In regards to time served, in the Department of justice, the average sentence length was 8 years, but other states report longer sentences, which will only increase with mandatory minimums. As with other mandatory minimums, there are worries of abuses and loss of discretion with relatively minor cases (such as a "Romeo and Juliet" case), and may even deter reporting of sex crimes [see http://www.famm.org/UnderstandSentencing/WhattheExpertsSay.aspx for opposition to mandatory minimums for drug cases, which were once the great stigma of society].
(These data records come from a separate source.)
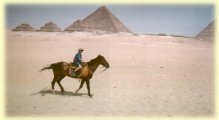 George on his horse at the Pyramids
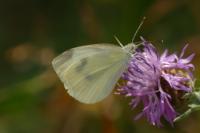 Pieris rapae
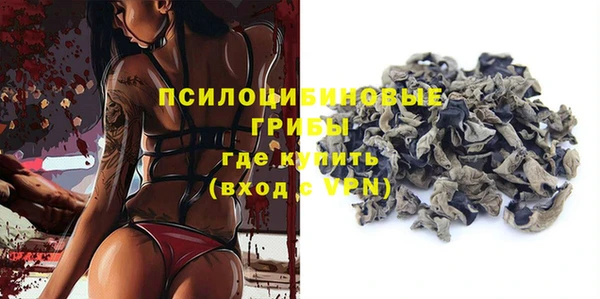 винт Армянск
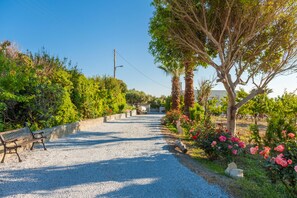 A gravel path with a bench and a stone wall on one side, surrounded by lush greenery and flowering plants. - Villa Chrysalida (Rethymno)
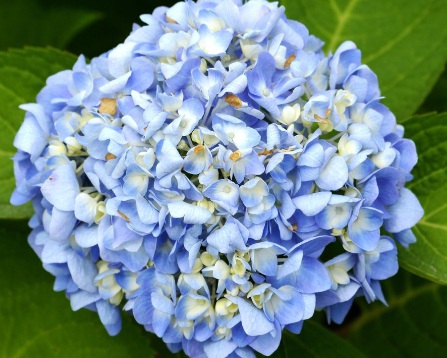 1631846895978792.jpg 1631846895978792.jpg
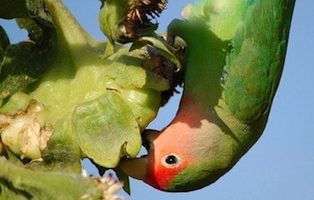 los loros pueden comer eucalipto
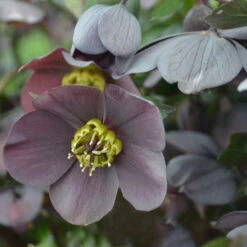 Honeymoon® Vegas Nights Lenten Rose -Great Garden Plants 506Helleborus VegasNights 2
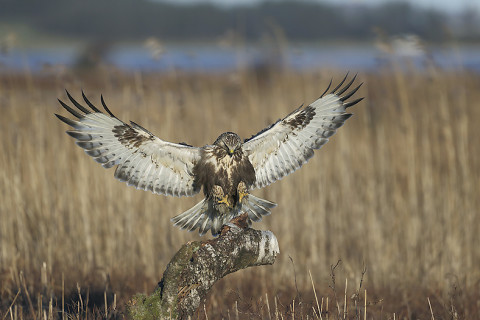 roughleggedbuzzard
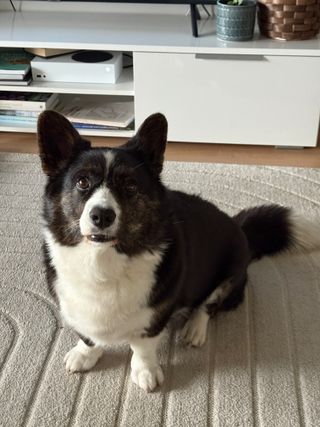 A black and white corgi cardigan watching towards the camera her facial expression is expectation. Not visible in the photo: I had just pressed the door beel in a video game I was playing.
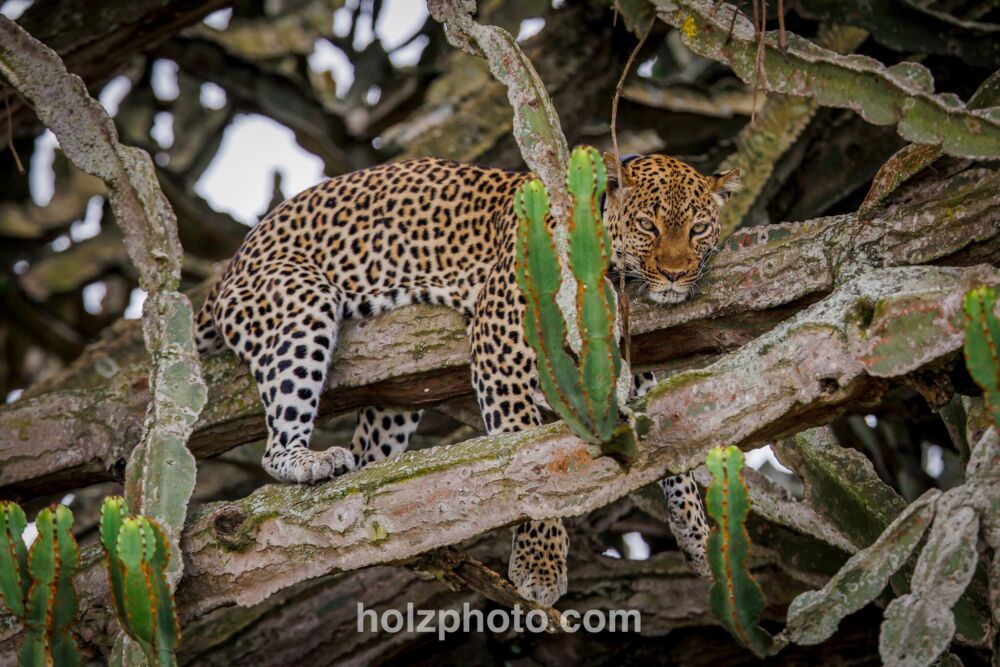 584289733 10236920716532327 6917547368597467136 n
It is time we revisit the registry and really determine its true value. Two recent studies from New York and New Jersey have shown the registry is no deterrent for crime, and the New Jersey study pointed out that 95% of sex crimes were committed by first time offenders. Even Maureen Kanka admitted the intent of the registries is not to reduce recidivism. [see: http://www.oncefallen.com/registriesrevisited.html].

Lets tell the truth here. The real intent of the registry is to name and shame those who committed sexually deviant acts. The registry does not promote healing, neither for the offenders nor for the victims. Instead, the public registry is a tool for social ostracism and vigilante violence. In our zealousness we have thrown caution to the wind and have passed laws based on what feels good rather than what works. The result has been disastrous. The result of one law has formed a camp of registrants living under the Julia Tuttle Causeway in Miami [http://www.oncefallen.com/juliatuttlecauseway.html]. The result of one law has placed a 16 year old on the registry for consensual relations with another teen, listed as a "sexual predator" [see www.rickyslife .com]. The registry led Stephen Marshall to gun down to registrants in Maine. One of his victims was convicted at 19 for consensual sex with a girl just weeks from her 16th birthday [http://abcnews.go.com/US/story?id=1855771]. And now we're trying to make it worse by forcing the Adam Walsh Act upon society-- mandatory minimums, placing more people on the registry for life, civil commitment, increased federal jurisdiction, immunity and millions to the NCMEC, GPS, and a public non-sex child abuse registry. None of these will work. Treatment and rehabilitation works. So does a truthful education and prevention program such as Stop It Now! and the Jacob Wetterling Resource Center. Anything less is a sugar pill for a cancer patient.

2 comments:

  1. Wendy Murphy and Robin Sax are a couple of headline-spinning cunts who dress up personal opinion and conjecture as facts and try to sell them to the general public. I hope the public will see past their ploys.

    ReplyDelete
  2. I agree. Its all about ratings rather than results. Unfortunately, the big media hounds don't really want us debating people like Nancy Disgrace or Bill Oh-Really because they prefer not having to use their brains.